Abstract
If you have your own recommendation, search, or advertising engine service and do not want to migrate your services to PAI-Rec for the time being, but want to use the A/B testing system of PAI-Rec, you can integrate the A/B testing system with your system. This topic describes the A/B testing configurations, calling of SDKs, and setting and computing of metrics. Alibaba Cloud provides Python and Java SDKs for you to integrate the A/B testing system with your system.
1. Configure resources
1.1. Log on to the PAI-Rec console
In the PAI-Rec console, click Full-link Service in the left-side navigation pane. In the Service Initialization wizard that appears, configure workspaces.

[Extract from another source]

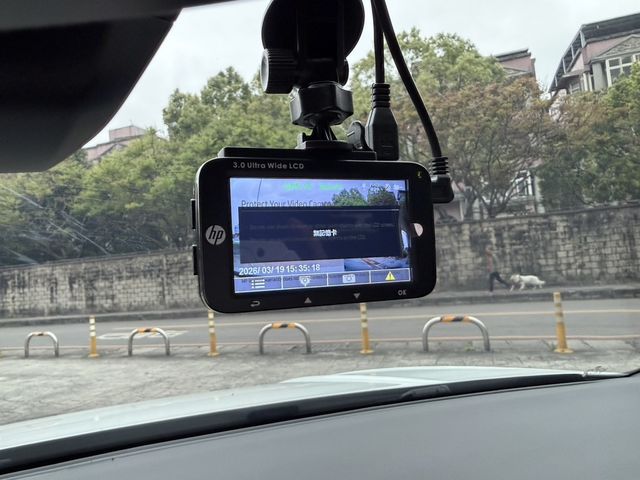 VOLKSWAGEN福斯 T-ROC  第13張相片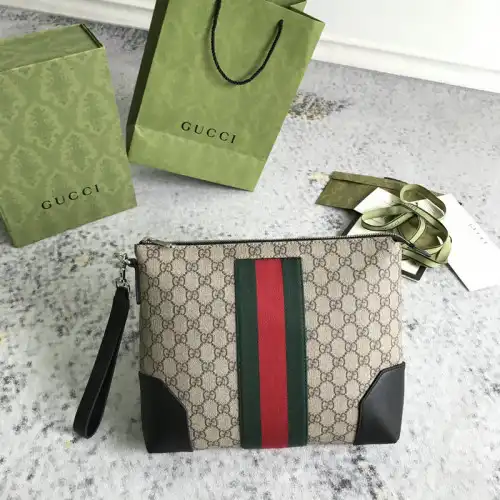 Gucci Bag 2209DJ0048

Configuration description:
You can query workspaces created for Platform for AI (PAI), DataWorks, and MaxCompute on their consoles. To log on to the PAI, DataWorks, and MaxCompute consoles, visit the Alibaba Cloud official website, search the corresponding cloud product in the Products search bar, and then click the product name to enter the homepage of the product. On the homepage, click Console.
You must create an Object Storage Service (OSS) bucket first in the OSS console before you can configure it in the PAI-Rec console.
1.2. Access MaxCompute
On the Projects page, search for the project that you want to use.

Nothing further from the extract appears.